How to get the value in TFIDF transformer?

I'm new to Python and recently learning text processing using Bag of Words and TFIDF.

I was trying to get the word in column 1001 in my TFIDF by using the following codes:

count_vectorizer = CountVectorizer()
bag_of_words = count_vectorizer.fit_transform(df)

TFIDF_transformer = TfidfTransformer(norm = 'l2')
TFIDF_representation = TFIDF_transformer.fit_transform(bag_of_words)

TFIDF_transformer.get_feature_names_out()[1000]
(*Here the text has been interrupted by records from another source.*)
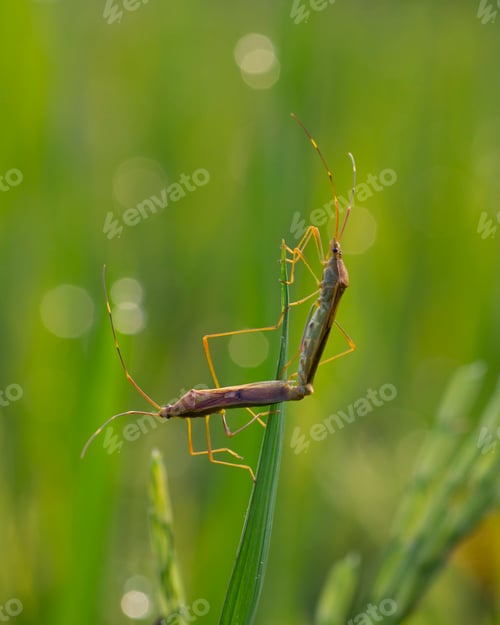 Preview: Mating Rice Ear Bug Sitting on Rice Plant
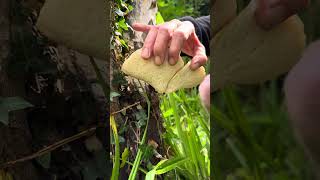 The Dryads Saddle a lovely edible when young with no toxic lookalikes mushroom foraging fungi [upl. by Hedley243]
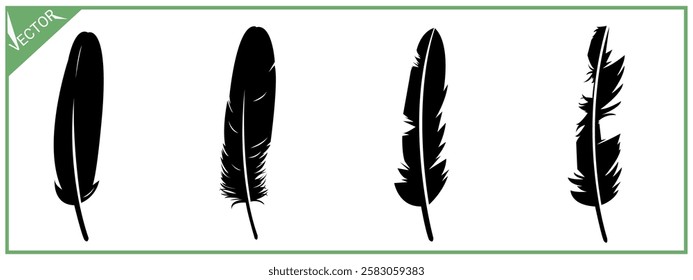 bird feather silhouette. vector illustration.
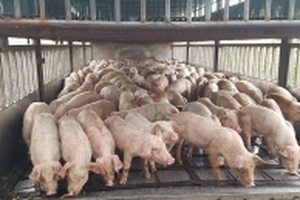 Giá heo hơi hôm nay 13/2: Giáp Tết thương lái tiếp tục gom hàng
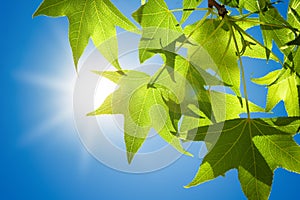 Sweetgum Leaves on Branch against Blue Sky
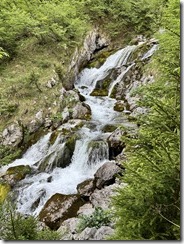 IMG_4769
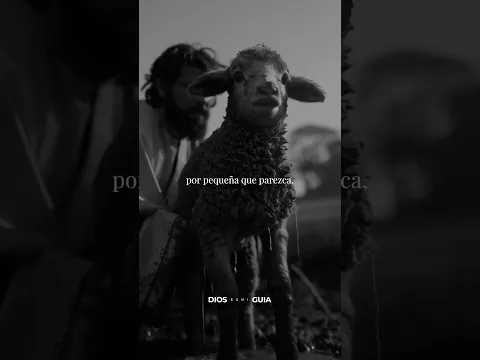 El mismo Dios que te cuidó ayer, es el mismo que te cuida hoy #oración #fe #diosesmiguia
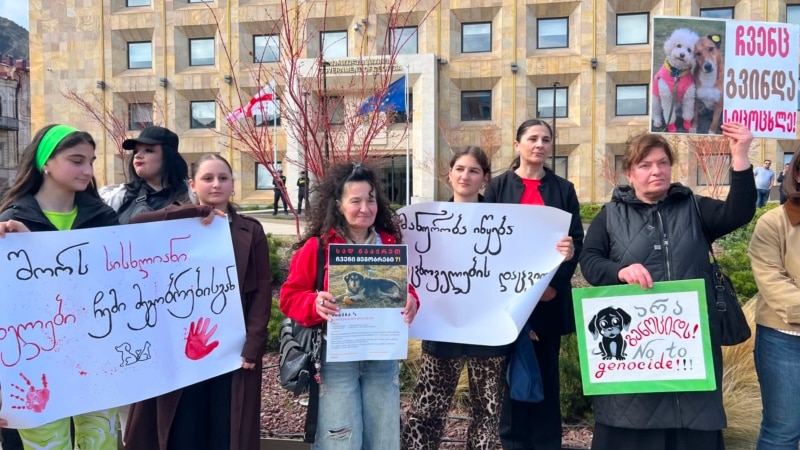 სად გადაგყავთ ძაღლები? - ცხოველთა უფლებადამცველების აქცია მთავრობით კანცელარიასთან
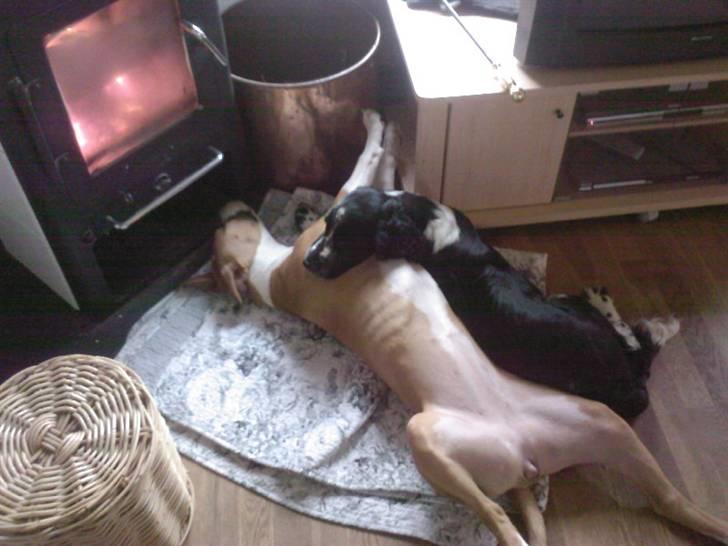 Amerikansk staffordshire terrier zoe billede 18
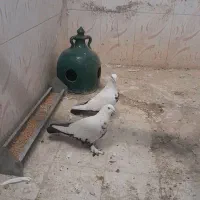 دم سیاه دمبی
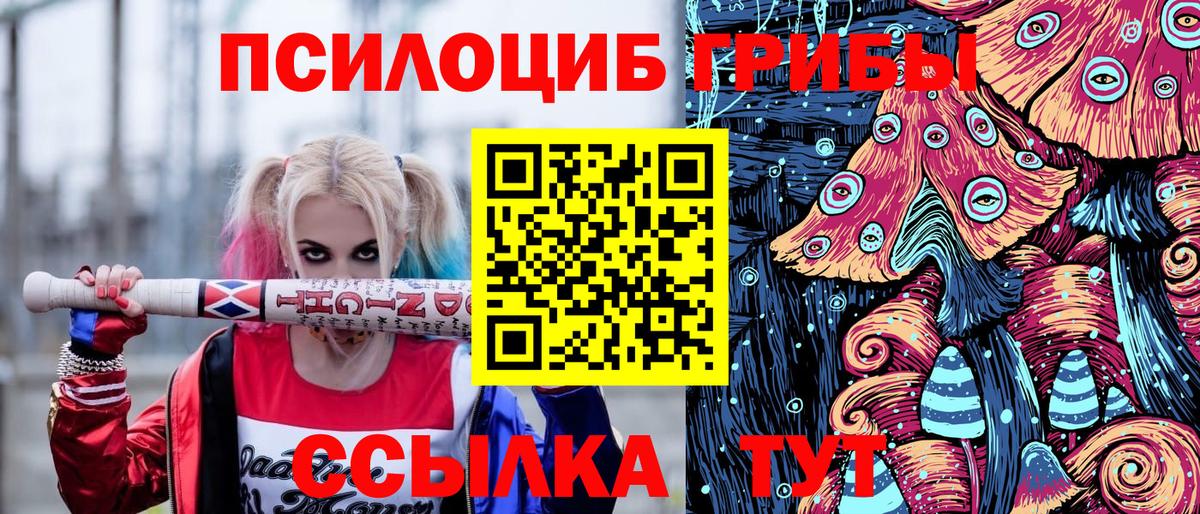 Псилоцибиновые грибы мицелий Канаш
and the output is "x1000", a token (I assume) instead of a word.

How can I get the exact word in column 1001 in my TFIDF? Am I using the wrong function or missing other steps to interpret the token I get?

Solution

The count vectorizer returns a sparse matrix which doesn't have column names, you need to convert this to a dataframe and then add the words as the column names by pulling them out of the CountVectorizer:

from sklearn.feature_extraction.text import CountVectorizer, TfidfTransformer

count_vectorizer = CountVectorizer()
bag_of_words = count_vectorizer.fit_transform(df)

### Turn sparse array into dense pandas dataframe and add column names (words/tokens)
bag_of_words = pd.DataFrame(bag_of_words.toarray(), columns=count_vectorizer.get_feature_names_out())

TFIDF_transformer = TfidfTransformer(norm = 'l2')
TFIDF_representation = TFIDF_transformer.fit_transform(bag_of_words)

Alternatively, I'll offer that if you're just after TF-IDF vectorization, it will probably be simpler to use the TF-IDF vectorizer directly, as opposed to using the TfidfTransformer:

from sklearn.feature_extraction.text import TfidfVectorizer

TFIDF = TfidfVectorizer()
TFIDF_representation = TFIDF.fit_transform(df)

TFIDF_transformer.get_feature_names_out()